- Developers: Zynga Eat Sleep Play
- Publisher: Zynga
- Platforms: iOS, Android
- Release: iOSWW: December 17, 2014; Android WW: April 24, 2015;
- Genre: Endless runner
- Mode: Single-player

= Looney Tunes Dash =

2014 video game

Looney Tunes Dash! was an endless running video game developed and published by Zynga and Eat Sleep Play. The game was released for iOS devices on December 17, 2014, and Android on April 24, 2015.

==Gameplay==
The gameplay is an endless running platform game featuring Looney Tunes characters. Playable characters include Bugs Bunny (chased by Elmer Fudd), Daffy Duck (chased by Yosemite Sam), the Road Runner (chased by Wile E. Coyote), Tweety Bird (chased by Sylvester the Cat), the Tasmanian Devil (chased by the Tasmanian She-Devil), and Speedy Gonzales (chased by Sylvester). The player can swipe the touchscreen to move the characters left or right and make them jump and slide. They can also collect coins, "Collector's Cards" and power-ups (including one that turns the character into Gossamer) and activate the characters' "Special Abilities" to fly over or smash through obstacles and hazards. The game contains 60 episodes and 900 levels, each styled after a different cartoon theme.

==Development==
Looney Tunes Dash! was developed by Zynga and Eat Sleep Play, (Note: Artists and designers working on the game included Christopher Diller, Matt Wood, Miles Collins, Shylow Barker, Jacob English, Erica Larson, Stephen Khan Ervin, Renjit M., and Luiz Bruno.) under the oversight of John vanSuchtelen, with Michael Waite as the creative director.

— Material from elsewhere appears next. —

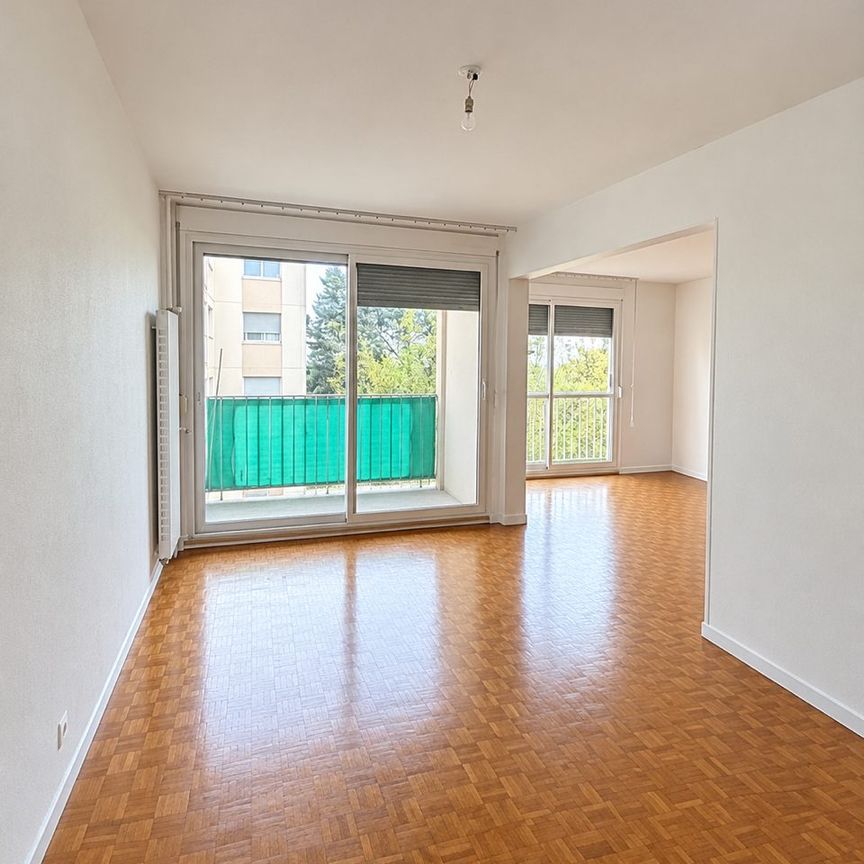 Appartement T3 en location à TOULOUSE - Photo 1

The music was composed by Clint Bajakian and Jeremy Garren (who also did the sound design) at Pyramind Studios, as a homage to Carl W. Stalling's soundtrack from the classic cartoons. Casting was done by Mike Forst, with voices provided by Jeff Bergman, Bob Bergen, Eric Bauza, Jim Cummings, and Lauri Fraser.

==Shutdown==
Looney Tunes Dash! was shut down on January 27, 2018. If the game was downloaded before the shutdown, the main menu is still accessible, but the levels are not.